# WHAT THE EXERCISE ASKS:
Find the line containing "bloemen winkel logo", then print it and each following line through the end of the records, exactly and with nothing added; leave out any pictures.

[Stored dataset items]
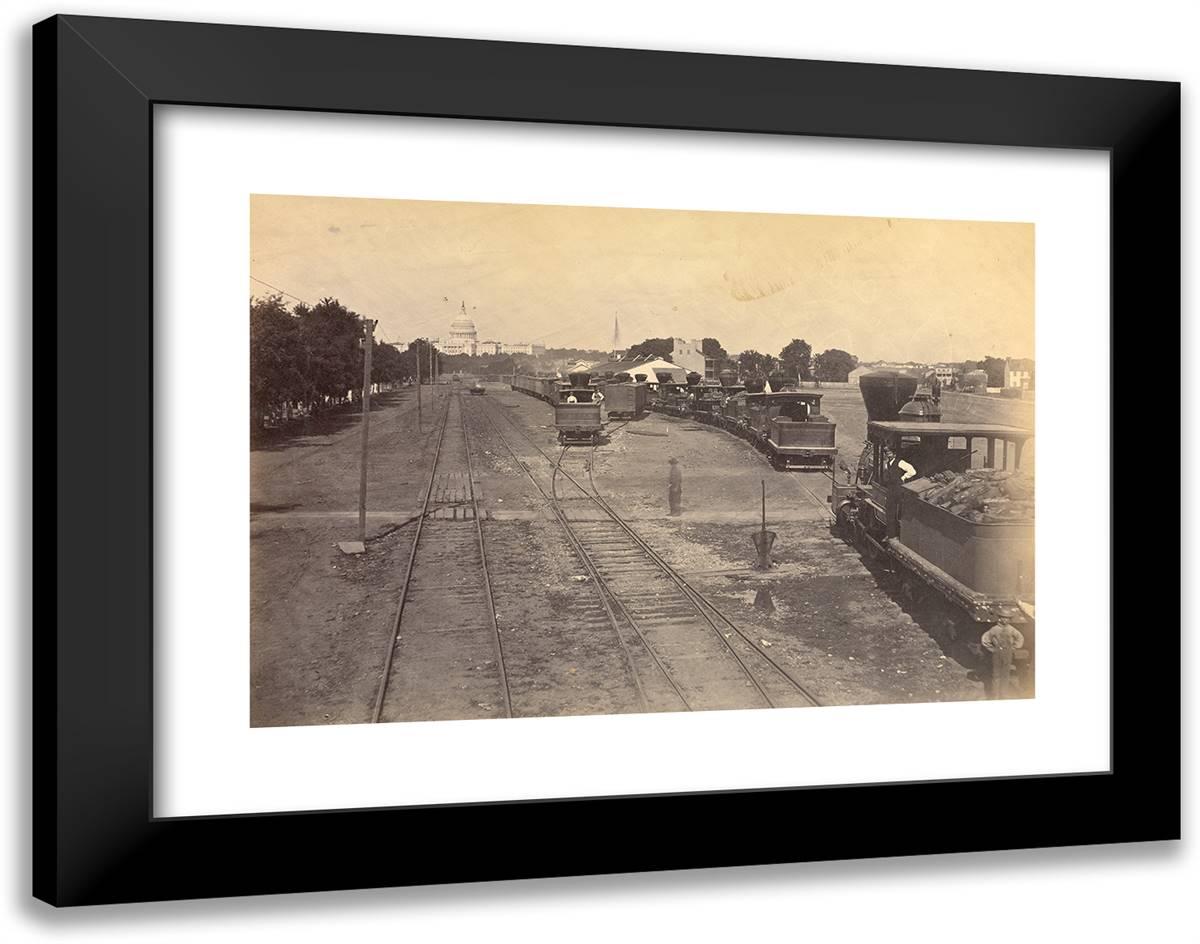 No. 189. Maryland Avenue Depot, Washington, D.C., with Engin 24x19 Black Modern Wood Framed Art Print Poster by Russell, A.J.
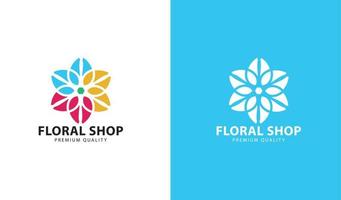 bloemen winkel logo sjabloon gemakkelijk ontwerp vector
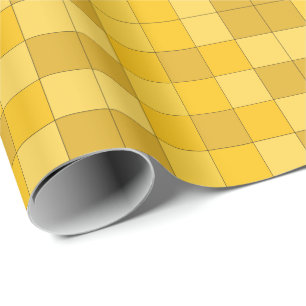 Papier Cadeau Damier jaune moutarde 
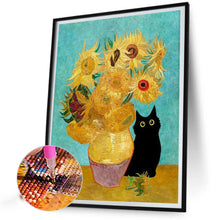 Load image into Gallery viewer, Diamond Painting - Full Round - Sunflower black cat (40*50CM)
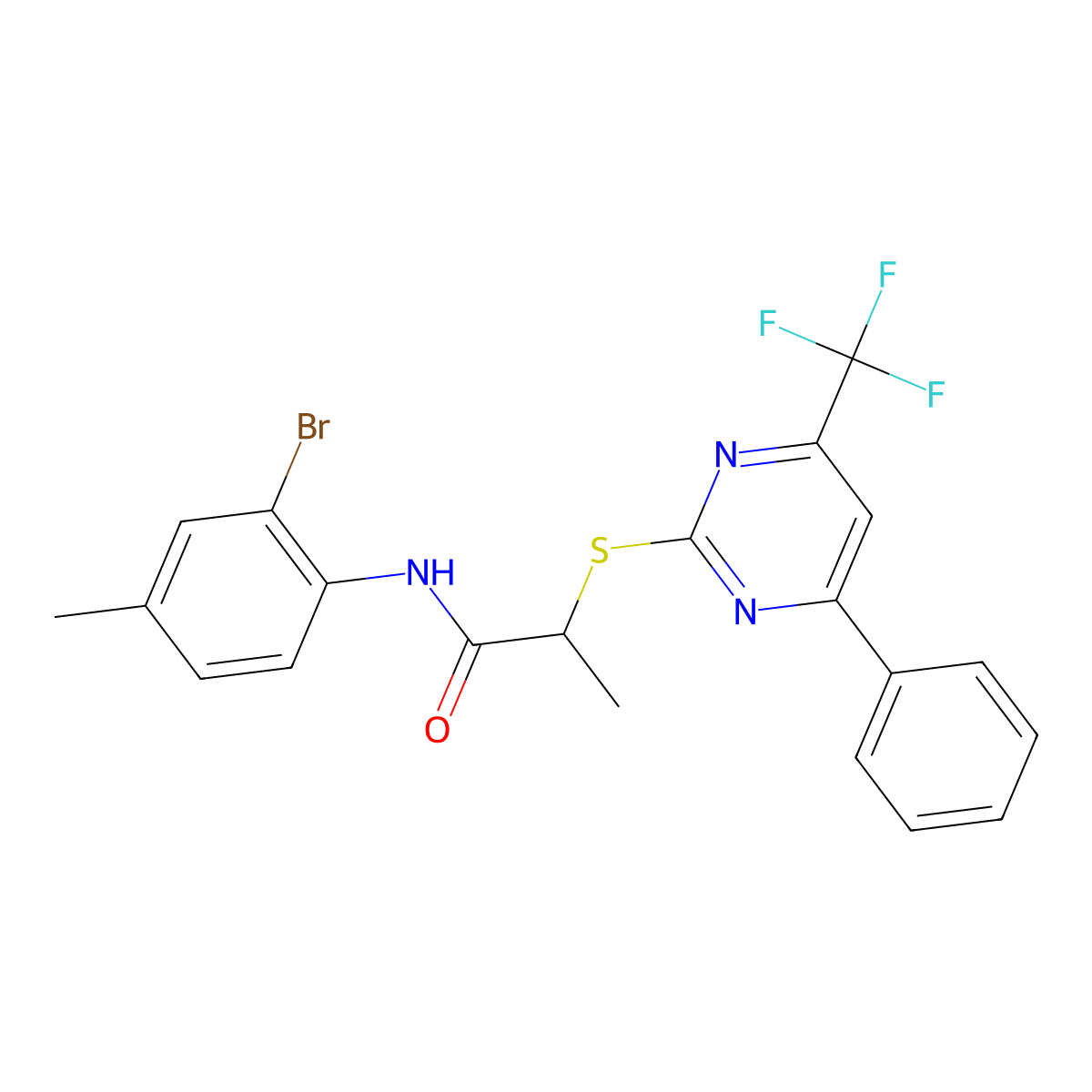 N-(2-bromo-4-methylphenyl)-2-[4-phenyl-6-(trifluoromethyl)pyrimidin-2-yl]sulfanylpropanamide molecular structure, CAS 505055-87-8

# ANSWER SECTION:
 bloemen winkel logo sjabloon gemakkelijk ontwerp vector
 Papier Cadeau Damier jaune moutarde 
 Load image into Gallery viewer, Diamond Painting - Full Round - Sunflower black cat (40*50CM)
 N-(2-bromo-4-methylphenyl)-2-[4-phenyl-6-(trifluoromethyl)pyrimidin-2-yl]sulfanylpropanamide molecular structure, CAS 505055-87-8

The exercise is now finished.